Create Motif List from Sequences
Create Motif List from Sequences takes as input sequences (
) (
) (
), sequence lists (
) (
), or alignments (
), and outputs a motif list (
) containing simple motifs created from the provided sequences or their annotations.
To run the tool, go to:
Tools | General Sequence Analysis (
)| Motif (
) | Create Motif List from Sequences (
)
The following options can be configured (figure 18.24):
- Motif name Defines the names of the created motifs. The following placeholders are available:
- {sequence-name} The name of the source sequence.
- {annotation-name} The name of the source annotation.
- {annotation-type} The type of the source annotation.
- {annotation-type?} The type of the source annotation if it differs from the annotation name.

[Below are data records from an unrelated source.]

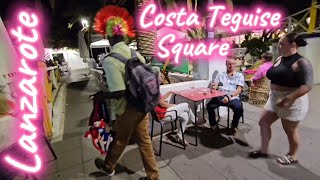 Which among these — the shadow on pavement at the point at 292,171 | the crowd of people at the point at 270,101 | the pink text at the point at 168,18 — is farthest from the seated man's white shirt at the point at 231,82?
the shadow on pavement at the point at 292,171

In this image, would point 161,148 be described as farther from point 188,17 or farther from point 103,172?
point 188,17

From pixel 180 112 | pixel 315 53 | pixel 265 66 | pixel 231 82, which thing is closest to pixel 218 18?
pixel 231 82

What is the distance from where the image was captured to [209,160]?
11.5 ft

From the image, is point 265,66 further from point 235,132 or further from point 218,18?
point 235,132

This is useful in combination with {annotation-name} when the name and type are identical, to avoid repetitions in the motif name.
- From sequences When checked, a motif is created for each sequence in the input, using the entire sequence as the region for the motif.
- From annotations When checked, a motif is created for each annotation in each sequence of the input, using the annotated region as the region for the motif.
- Annotation types Only annotations of the selected types are used to create motifs. If left empty, all annotation types are included.
Figure 18.24: Creating a new motif list from sequences.
A simple motif is created for each region defined by the selected options, using the sequence residues within that region (figure 18.25). Each created motif contains the following information:
- The name is defined according to the Motif name option.
- The description is set from the sequence description when the motif is created from a sequence, or from the annotation description, if available, when the motif is created from an annotation.
- The "Annotation type" is set to "Motif" if the motif is created from a sequence, or to the annotation type if created from an annotation.
- The "From sequence" note indicates the source sequence, and, if applicable, the "From annotation" note indicates the source annotation used to create the motif.
- If applicable, any annotation notes present in the source annotation are included in the motif.
Figure 18.25: Motif list created from a sequence containing multiple types of annotations. Top: Sequence view. Middle: Sequence annotation table view. Bottom: Motif list view.
Duplicate motif collapsing
If several motifs have the same annotation type and motif sequence, they are collapsed into a single motif (figure 18.25). For the combined motif, the "Description" and each type of annotation note, including "From sequence" and "From annotation", retain up to five unique notes from the original duplicated motifs. The "Name" is set to that of the first duplicated motif.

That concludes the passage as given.